There is another part to the tailpiece on my banjo. That is the part that goes horizontally over the head that the strings are tied onto. I made that part out of black walnut. I had a piece of wood left over from the previous banjo that I used.
But first I stained the tailpiece that I made yesterday. Yesterday evening I went out to the shop periodically to wet sand the tailpiece. This morning it was all ready to go. I want it to be the same color as the rest of the maple, so I got out my staining stuff.
This was a quick job because it was just the one small piece. Here it is all stained.
OK, back to the tailpiece. Here is the piece of walnut that I had used last time.
You can see where I cut out the other tailpiece. There should be enough wood on the right side to get this new one. Before I started cutting I smoothed off the board using the card scraper.
Then I drew in a basic shape.

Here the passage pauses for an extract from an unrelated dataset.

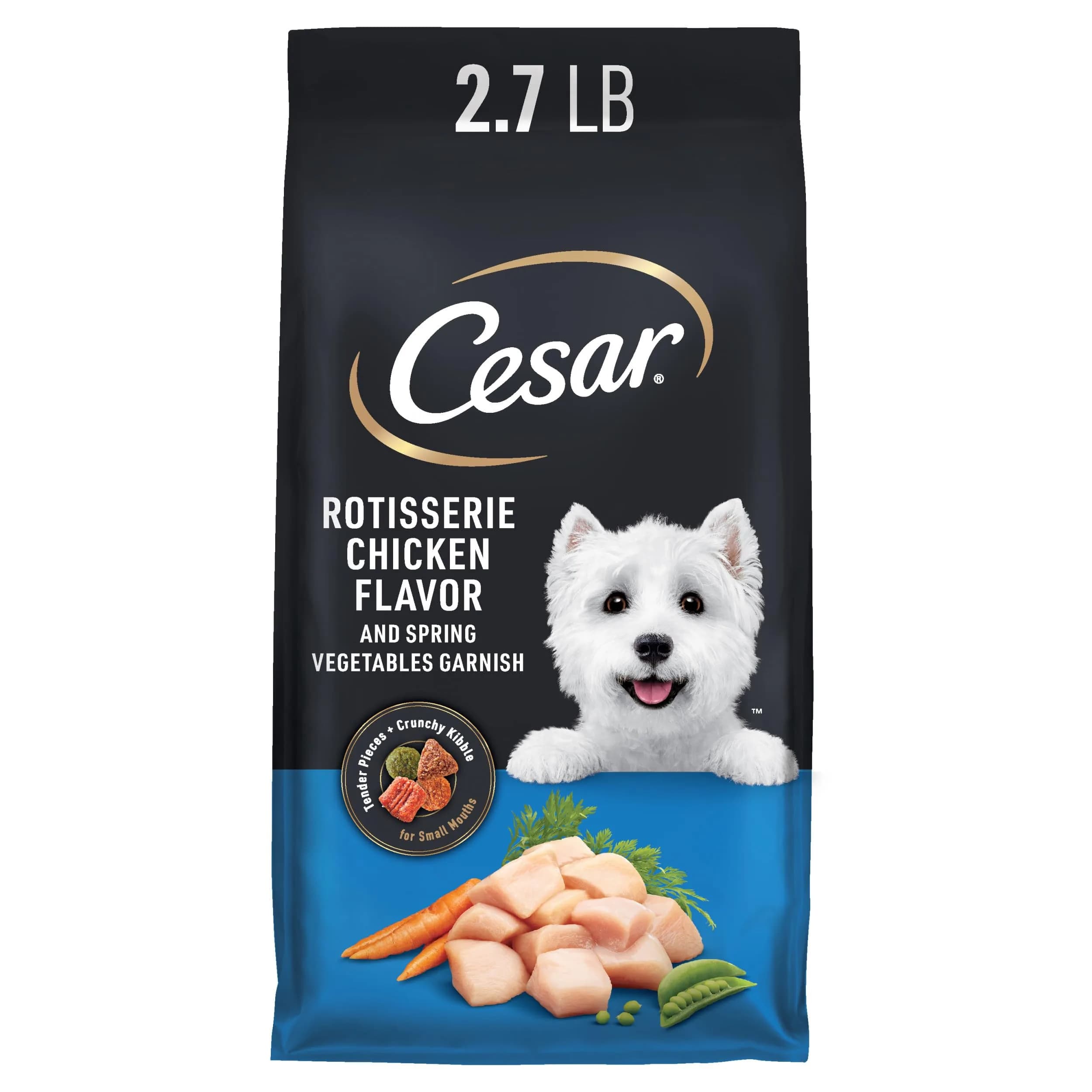 Cesar Small Breed Dry Dog Food, Chicken & Spring Vegetables Flavor, 1.23 kg (2.7 lb) | Nutritionally Complete & Balanced for Small Dogs — Chicken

I wanted to make a shape that is similar to the shape of the peghead like I did on the other tailpiece.
That is about as close as I can come given the shape of the piece of wood. I need to leave enough space at the wide end for the string holes. I sawed the shape out with the coping saw.
Here it is.
I carved it to its final shape with the rasp etc. and marked it for the string holes.
The holes are 3/8" apart and 1/4" from the top edge of the wood. I could not figure out a way to cut a notch in the tailpiece without compromising the spacing of the holes or their balance. So I decided to keep the piece symmetrical.
Clamped to the bench.
I drilled the holes using a 7/64" drill bit. I don't remember where that number came from. I used it last time so I used it again. I chamfered the edges of the holes with a 3/16" drill bit by holding the bit in my fingers and gently twirling it in the holes. Then there was the usual sanding etc.
While I had the sandpaper out I did some more sanding on the peg buttons. I had shaped them previously, but they also needed to be finish sanded. After the banjo is done I will put some finish on the buttons, although not on the shafts. The shafts have to stay unfinished in order to work properly.
I spent another 3 hours today. It seems like a lot for such small progress, but sanding all those small parts takes time.